11. En conclusion, le recours interjeté par la recourante est rejeté et la décision de l'OAIE du 15 octobre 2013 confirmée. Le Tribunal administratif fédéral rend toutefois l'autorité inférieure attentive aux éléments invoqués par la recourante dans son écriture du 21 février 2014 (pce TAF 9), à laquelle sont annexées trois pièces (certificats médicaux) et dont l'autorité de première instance a eu connaissance le 4 avril 2014 (pce TAF 10, p. 10). Ces faits, survenus postérieurement à la décision querellée et ayant potentiellement modifié la situation de santé et la capacité de travail de l'intéressée, doivent, selon la jurisprudence du Tribunal fédéral en la matière, faire l'objet d'une nouvelle décision administrative (ci-dessus, consid. 7). 12. 12.1 Par décision incidente du 4 avril 2014, la recourante a été mise au bénéfice, pour la présente procédure de recours, de l'assistance judiciaire totale portant sur la dispense des frais de procédure et la désignation d'un avocat d'office (art. 63 al. 1 PA et 65 PA). 12.2 Partant, la prénommée est exemptée du paiement des frais de la présente procédure. 12.3 Maître Guillaume Fauconnet ayant été désigné défenseur d'office, il y a lieu de lui allouer une indemnité afférente aux frais de représentation (art. 65 al. 3 PA et art. 12 et 14 du règlement du 21 février 2008 concernant les frais, dépens et indemnités fixés par le Tribunal administratif fédéral [FITAF ; RS 173.320.2]). Conformément à l'art. 65 al. 4 PA, la recourante aura l'obligation de rembourser ce montant si elle revient à meilleure fortune. A défaut de décompte de prestations, le Tribunal fixe l'indemnité sur la base du dossier (art. 14 al. 2, 2ème phrase FITAF). Compte tenu des circonstances de la présente affaire, de l'ampleur du travail accompli par le mandataire (un recours de quatorze pages et une réplique de deux pages) et de la difficulté de la cause (voir, notamment, l'arrêt du Tribunal administratif fédéral C-5829/2013 du 9 avril 2015 consid. 10), le Tribunal considère le versement d'une indemnité de représentation de 2'160 francs, TVA de 8 % comprise, comme équitable en la présente cause pour les services de son défenseur d'office. Par ces motifs, le Tribunal administratif fédéral prononce :

1. Le recours est rejeté.

2. Il n'est pas perçu de frais de procédure.

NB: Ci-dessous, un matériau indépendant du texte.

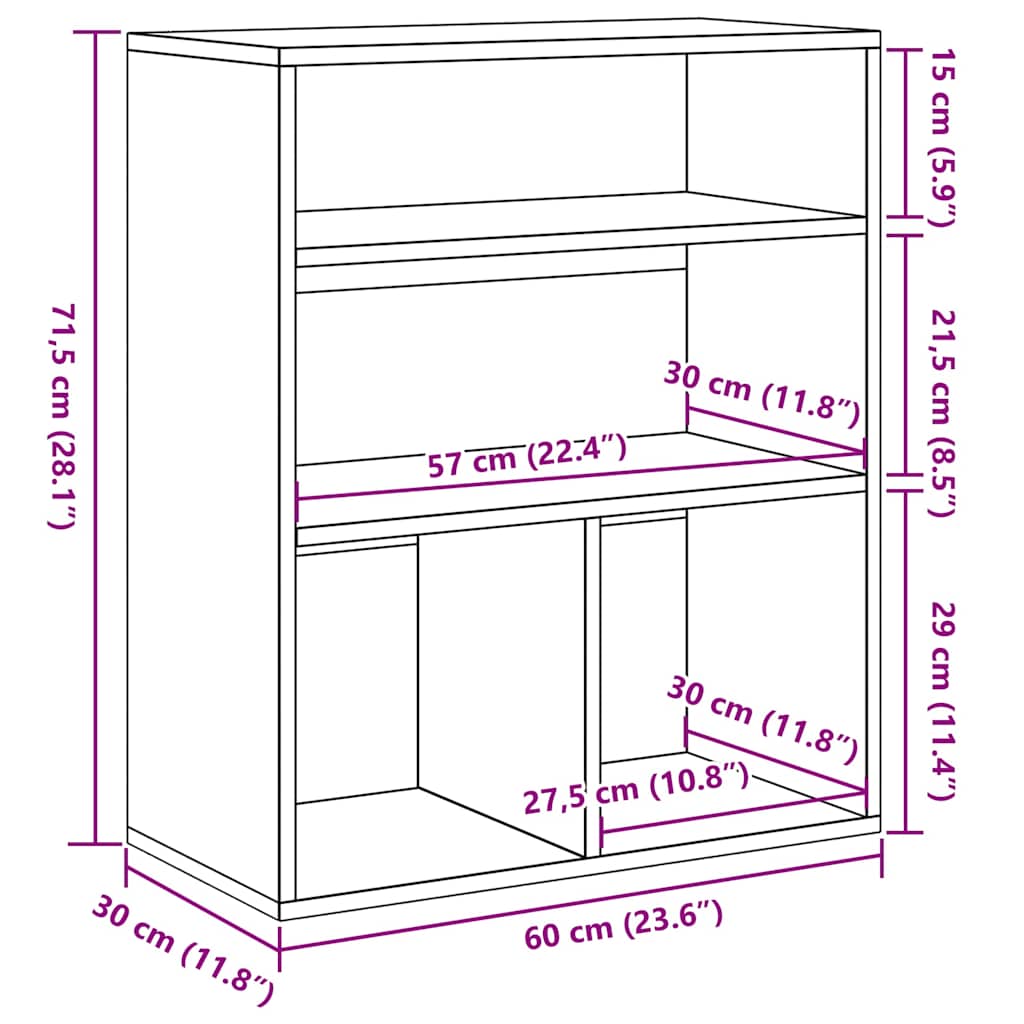 Book Cabinet Black 60x30x71.5 cm Engineered Wood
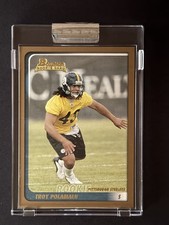 Gold Topps 2003 Bowman Troy Polamalu Rookie #257 Pittsburgh Steelers Card. rookie card picture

3. Il est alloué à Maître Guillaume Fauconnet une indemnité de dépens de 2'160 francs (TVA comprise) à titre d'assistance judiciaire, provisoirement à charge de la caisse du Tribunal de céans. Si la recourante revenait à meilleure fortune, elle serait tenue de rembourser au Tribunal de céans les honoraires et les frais d'avocat.

4. Le présent arrêt est adressé :

- à la recourante, par l'entremise de son mandataire (acte judiciaire)

- à l'autorité inférieure (recommandé ; n° de réf. n° {...} ; annexe : copie de la pièce TAF 7)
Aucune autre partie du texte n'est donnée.